Quark erklärt seiner Mutter inzwischen, dass nicht die Wühlmäuse auf der Station das Problem sind, sondern vielmehr seine fehlende Ferengi-Handelslizenz. Ishka will Quark ablenken, doch er geht in sein Zimmer und findet dort zu seiner Verblüffung im begehbaren Wandschrank den Großen Nagus Zek und seinen Diener Maihar’du vor. Irritiert muss Quark feststellen, dass seine Mutter offenbar ein Verhältnis mit dem Nagus hat, der auch gleich bestätigt, dass er und seine Mutter ineinander verliebt sind. Die beiden Herrschaften turteln miteinander wie ein Liebespaar, was Quark kaum glauben kann. Schließlich verabschiedet sich der Nagus mit seinem Diener und lässt Quark und seine Mutter allein. Der Barbesitzer wittert jetzt eine Chance auf Besserung seiner Situation und umarmt Ishka.

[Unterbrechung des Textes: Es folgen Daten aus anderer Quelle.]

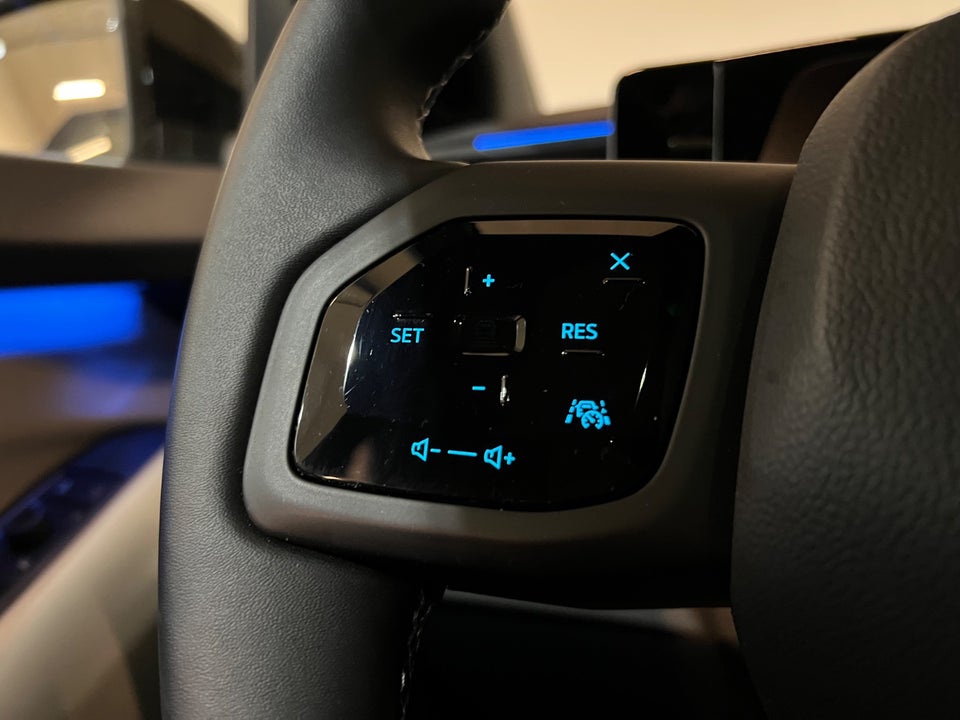 Ford Explorer 82 Premium Extended Range 5d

Rom will inzwischen Leeta dazu bringen, dass sie eine Eigentums- und Profitverzichtserklärung unterschreibt. Chief O’Brien rät ihm dringend davon ab, seiner Braut so etwas zuzumuten, doch Rom lässt sich nicht von seinem Vorhaben abbringen. Leeta weist sein Ansinnen natürlich entrüstet zurück mit dem Hinweis, dass man, wenn man sich liebt, auch alles teilt. Man sei schließlich nicht auf Ferenginar. Rom wirft ihr vor, ihn ausnutzen zu wollen und die beiden trennen sich im Streit.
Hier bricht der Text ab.